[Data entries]
*** Begin section ***

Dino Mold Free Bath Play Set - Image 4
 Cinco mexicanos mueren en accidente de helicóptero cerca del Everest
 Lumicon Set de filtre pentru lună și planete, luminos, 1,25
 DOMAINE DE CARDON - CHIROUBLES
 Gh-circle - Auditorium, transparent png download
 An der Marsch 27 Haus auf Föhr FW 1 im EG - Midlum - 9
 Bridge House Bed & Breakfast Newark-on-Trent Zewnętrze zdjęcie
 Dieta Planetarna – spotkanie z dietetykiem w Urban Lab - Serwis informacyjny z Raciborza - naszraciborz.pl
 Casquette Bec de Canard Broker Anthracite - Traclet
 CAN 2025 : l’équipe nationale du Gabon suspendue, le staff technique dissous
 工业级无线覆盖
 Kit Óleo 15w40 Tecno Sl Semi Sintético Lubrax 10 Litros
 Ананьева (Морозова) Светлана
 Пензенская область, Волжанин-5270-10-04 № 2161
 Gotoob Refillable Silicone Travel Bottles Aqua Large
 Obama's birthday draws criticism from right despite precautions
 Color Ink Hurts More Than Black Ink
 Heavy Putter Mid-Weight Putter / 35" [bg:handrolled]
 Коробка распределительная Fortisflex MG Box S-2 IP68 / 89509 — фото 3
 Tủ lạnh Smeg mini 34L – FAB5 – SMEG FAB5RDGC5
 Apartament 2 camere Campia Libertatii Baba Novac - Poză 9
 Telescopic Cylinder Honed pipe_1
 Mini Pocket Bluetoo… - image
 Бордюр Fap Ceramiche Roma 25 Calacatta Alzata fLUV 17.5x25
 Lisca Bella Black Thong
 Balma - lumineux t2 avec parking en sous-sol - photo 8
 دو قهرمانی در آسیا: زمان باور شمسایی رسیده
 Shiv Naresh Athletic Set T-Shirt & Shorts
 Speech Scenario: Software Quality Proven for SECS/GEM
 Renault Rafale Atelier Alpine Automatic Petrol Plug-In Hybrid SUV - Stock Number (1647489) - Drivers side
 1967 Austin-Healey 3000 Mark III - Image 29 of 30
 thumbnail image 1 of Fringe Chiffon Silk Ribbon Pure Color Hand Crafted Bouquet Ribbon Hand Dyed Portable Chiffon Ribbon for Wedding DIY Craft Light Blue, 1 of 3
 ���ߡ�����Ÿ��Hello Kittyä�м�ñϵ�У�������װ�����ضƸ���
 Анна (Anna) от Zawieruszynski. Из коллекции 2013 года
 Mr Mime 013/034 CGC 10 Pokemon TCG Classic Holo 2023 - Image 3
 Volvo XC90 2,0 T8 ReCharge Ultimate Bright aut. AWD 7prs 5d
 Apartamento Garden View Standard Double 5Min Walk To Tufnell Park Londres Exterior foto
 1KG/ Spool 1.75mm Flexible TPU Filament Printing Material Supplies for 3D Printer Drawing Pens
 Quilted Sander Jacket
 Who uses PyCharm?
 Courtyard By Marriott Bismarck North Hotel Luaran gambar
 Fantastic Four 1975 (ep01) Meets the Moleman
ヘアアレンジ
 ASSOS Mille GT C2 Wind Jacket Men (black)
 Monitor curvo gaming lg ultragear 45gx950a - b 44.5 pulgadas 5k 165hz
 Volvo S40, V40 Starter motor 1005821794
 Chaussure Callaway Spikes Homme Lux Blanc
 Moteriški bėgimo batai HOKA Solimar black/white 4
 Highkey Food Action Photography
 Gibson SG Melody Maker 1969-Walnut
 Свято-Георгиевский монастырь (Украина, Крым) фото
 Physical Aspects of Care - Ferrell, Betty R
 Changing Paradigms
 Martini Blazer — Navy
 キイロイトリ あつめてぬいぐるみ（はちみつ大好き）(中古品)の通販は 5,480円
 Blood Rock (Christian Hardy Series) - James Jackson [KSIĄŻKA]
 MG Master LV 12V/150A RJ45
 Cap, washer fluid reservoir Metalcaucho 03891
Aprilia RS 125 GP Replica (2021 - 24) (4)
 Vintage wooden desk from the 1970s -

*** End section ***

Assignment
Every line from the one containing "Moteriški bėgimo batai" to the end of the entries must be set down exactly, with none omitted and none added.

Result for this task
 Moteriški bėgimo batai HOKA Solimar black/white 4
 Highkey Food Action Photography
 Gibson SG Melody Maker 1969-Walnut
 Свято-Георгиевский монастырь (Украина, Крым) фото
 Physical Aspects of Care - Ferrell, Betty R
 Changing Paradigms
 Martini Blazer — Navy
 キイロイトリ あつめてぬいぐるみ（はちみつ大好き）(中古品)の通販は 5,480円
 Blood Rock (Christian Hardy Series) - James Jackson [KSIĄŻKA]
 MG Master LV 12V/150A RJ45
 Cap, washer fluid reservoir Metalcaucho 03891
Aprilia RS 125 GP Replica (2021 - 24) (4)
 Vintage wooden desk from the 1970s -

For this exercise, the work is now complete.